Making Connections across Cultures

Forsan Hussein ’00 is the CEO of the Jerusalem YMCA and a passionate advocate for peace and understanding


Used by Communications for the university homepage.

Forsan Hussein '00 came to Brandeis to bridge divides. The recipient of a Sylvia and Joseph Slifka Israeli Coexistence Scholarship, which goes to two Israeli citizens a year — one Arab and one Jewish — Hussein designed his own peace building major.

He took War and Possibilities of Peace with Professor Gordie Fellman, hosted the campus radio show Just Like You where he shared stories of Palestinian culture from food to politics and, with an Israeli classmate, organized coexistence dialogue groups that drew students from Brandeis and other universities in the Boston area.
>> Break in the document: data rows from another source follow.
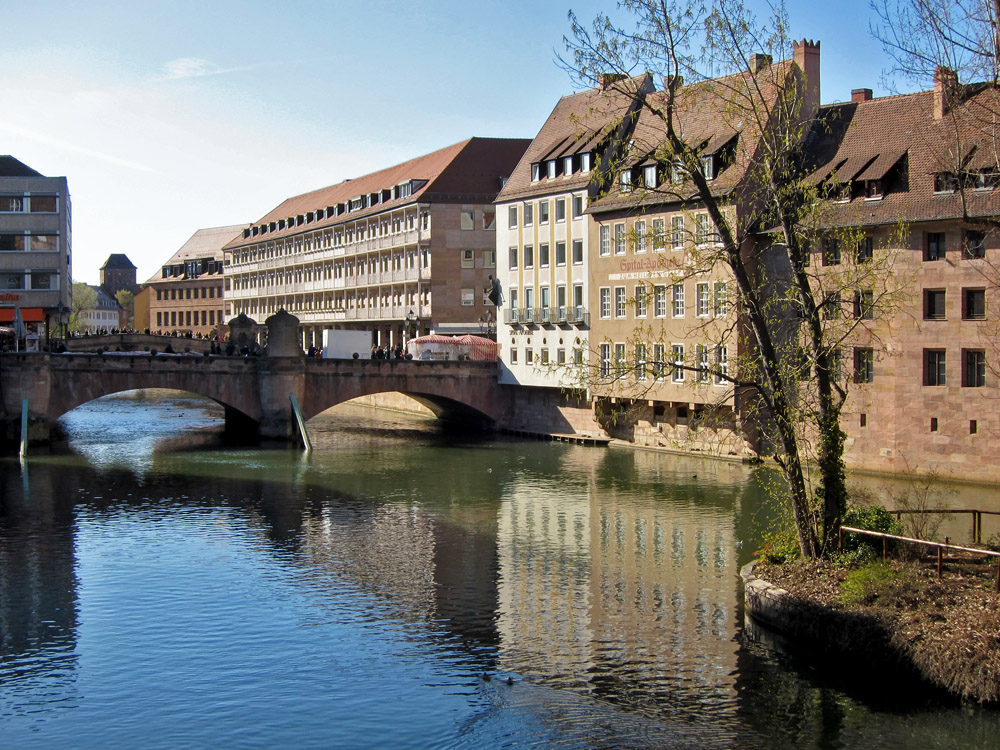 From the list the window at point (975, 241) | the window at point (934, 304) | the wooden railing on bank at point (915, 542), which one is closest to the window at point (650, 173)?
the window at point (934, 304)

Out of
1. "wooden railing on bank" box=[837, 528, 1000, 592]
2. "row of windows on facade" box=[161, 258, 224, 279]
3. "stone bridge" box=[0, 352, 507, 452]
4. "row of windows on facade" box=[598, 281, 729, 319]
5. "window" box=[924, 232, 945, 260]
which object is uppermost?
"row of windows on facade" box=[161, 258, 224, 279]

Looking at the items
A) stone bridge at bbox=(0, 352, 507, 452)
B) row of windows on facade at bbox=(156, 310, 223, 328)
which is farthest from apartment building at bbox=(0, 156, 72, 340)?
row of windows on facade at bbox=(156, 310, 223, 328)

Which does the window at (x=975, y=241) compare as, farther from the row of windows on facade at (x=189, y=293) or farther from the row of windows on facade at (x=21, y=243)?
the row of windows on facade at (x=189, y=293)

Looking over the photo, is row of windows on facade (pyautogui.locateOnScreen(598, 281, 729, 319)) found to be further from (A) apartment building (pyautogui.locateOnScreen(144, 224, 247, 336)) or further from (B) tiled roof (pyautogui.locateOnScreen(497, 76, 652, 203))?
(A) apartment building (pyautogui.locateOnScreen(144, 224, 247, 336))

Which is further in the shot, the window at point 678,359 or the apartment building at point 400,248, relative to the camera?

“Those lessons that I learned during my interactions with the Brandeis student body made me believe at a deeper level that it all starts with one-on-one, people-to-people connection,” Hussein says today. “The sense of social justice that Brandeis carries through its classes and through its extracurricular activities impacted me personally a great deal. The fact that students can actually start real change on the ground was a new narrative to me. That's something that I take with me through the rest of my life: the ability to stand up, to act, to change something as an individual.”

After Brandeis, Hussein earned an M.B.A. from Harvard Business School and an M.A. in international relations from Johns Hopkins. Today he is CEO of the Jerusalem International YMCA, a gathering place for people of all religions.

Wherever he is — in the United States, on a visit to his family's home in Sha'ab or at work developing the Y's peace preschool that brings together Arab and Jewish children — he continues to bring people of divergent ideologies and backgrounds into dialogue.

"I live three different mentalities: the Israeli mentality, the Arab-Palestinian-Muslim mentality and the Western mentality, he says. “Jumping among these three is not an easy thing to do, but it does allow me to do the work I do. I am a Muslim CEO of a Christian institution in a Jewish country. It doesn't get any better than that.”